Prenatal depression represents a common psychological illness that affects women during pregnancy. The gut--brain axis, which encompasses bidirectional communication between the gut and the brain, is postulated to contribute to the development of depression.

This study aims to understand the relationship between intestinal microbiota, inflammation, and depression during pregnancy using a bioinformatics approach.

A total of 220 differentially expressed genes (DEGs) associated with prenatal depression and intestinal inflammation and with a fold change > 1 and an adjusted p-value < 0.05 were selected from different databases and scientific publications. The genes were analysed using STRING software to construct a PPI network, SRplot was used for GO analysis and for the identification of biological functions, and finally MetaboAnalyst was used for the analysis and interpretation of metabolomics data in biological systems.

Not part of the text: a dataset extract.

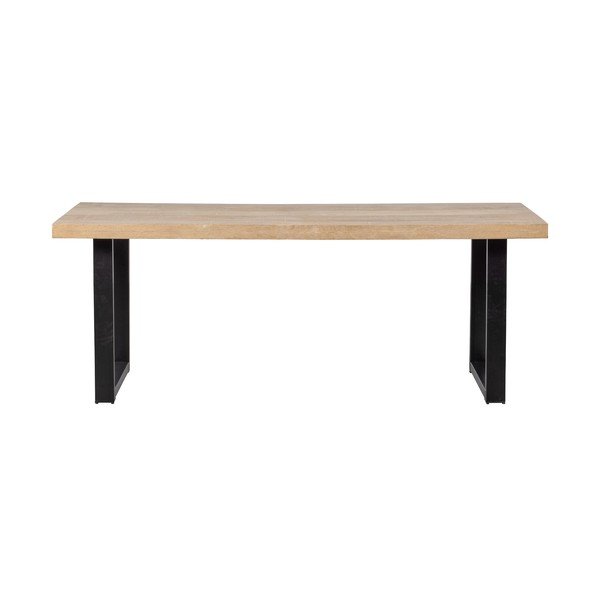 Tavolo da pranzo con piano in legno di mango , 180 x 90 cm Tablo - WOOOD-image-2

The results demonstrated the existence of an interaction protein--protein network comprising 205 genes, which led to the identification of 16 key genes involved in neuroinflammation and immune regulation processes. The key pathways identified included cytokine--cytokine receptor interaction, IL-17, and MAPK signalling. A relationship was predicted between DEG and metabolites such as cortisol, serotonin, and tryptophan in cases of prenatal depression and neuroinflammation. Gut dysbiosis during pregnancy can potentially increase intestinal permeability, which may subsequently trigger immune responses and brain neuroinflammation.

This study has identified pivotal genes that contribute to our understanding of the molecular mechanisms underlying the development of prenatal depression and may serve as potential targets for early detection, prevention, and treatment.